Tous les yeux se tournèrent vers ce qu’elle montrait. Loin au-dessus de la vallée, en direction de l’ouest, se déroulait un phénomène impressionnant. Dans le plus grand silence, les nuages sombres, qui n’avaient pas encore crevé en pluies torrentielles, semblaient pris de folie. Ils roulaient sur eux-mêmes à une vitesse stupéfiante tandis que des grappes d’éclairs les parcouraient.
— Je n’ai jamais vu une tempête aussi bizarre, remarqua Hegon, mal à l’aise.
— Ce n’est pas une tempête, dit Dennios d’une voix blanche. C’est le Loos’Ahn !
Des hurlements de panique retentirent. Hegon dut crier pour ramener l’ordre.
— Il n’est pas encore sur nous, clama-t-il. Que chacun garde son sang-froid !
Malgré son jeune âge, il possédait déjà une autorité telle qu’on finit par lui obéir. Il jeta un coup d’œil à Myriàn, pétrifiée par la peur, qui ne le quittait pas des yeux, quêtant un réconfort. Klydroos était devenu tout pâle, et son regard reflétait la terreur qui coulait de son esprit. Lui aussi fixait Hegon, tout comme les merkàntors, comme s’ils attendaient qu’il arrête le Fléau à lui seul.

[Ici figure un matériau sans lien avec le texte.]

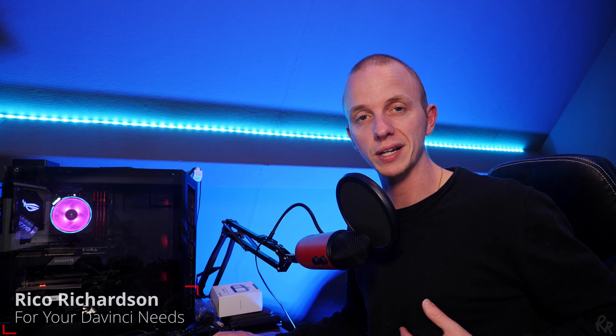Hey guys, what's going on? My name is Rico Richardson and welcome back to my channel. In this video, I'm going to show you how to grab a still in DaVinci Resolve. Let's go!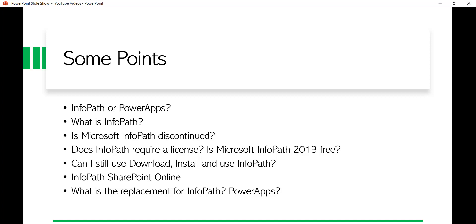There's a lot of buzz around this because many organizations are still using InfoPath due to its features and compatibility with SharePoint. Even today, a lot of organizations are still using it for new development. The other side is that when you go for Power Apps, you require licensing and more development effort, and your existing applications are already running — so that's why people are still using InfoPath.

— Ne restez pas là ! déclara-t-il.
Ils se remirent en route. Les nuées folles poursuivaient leur danse insensée. Soudain, à environ une marche vers l’ouest, il y eut un remous gigantesque et le front nuageux se scinda en deux pour laisser passer une lumière intense. Au loin, le paysage s’illumina. Quelque chose d’invisible avait déchiré la couverture de nuages, qui s’écartèrent, comme chassés par deux mains colossales. Puis, sans que rien ne le laissât prévoir, de monstrueuses colonnes de fumée s’élevèrent en tous sens, torturées par un souffle démoniaque. A leur base, de hautes flammes embrasèrent la Vallée.
— Mais comment est-ce possible ? s’exclama Roxlaàn d’une voix marquée par la peur. Aucune flamme n’est tombée du ciel, et pourtant, la forêt a pris feu.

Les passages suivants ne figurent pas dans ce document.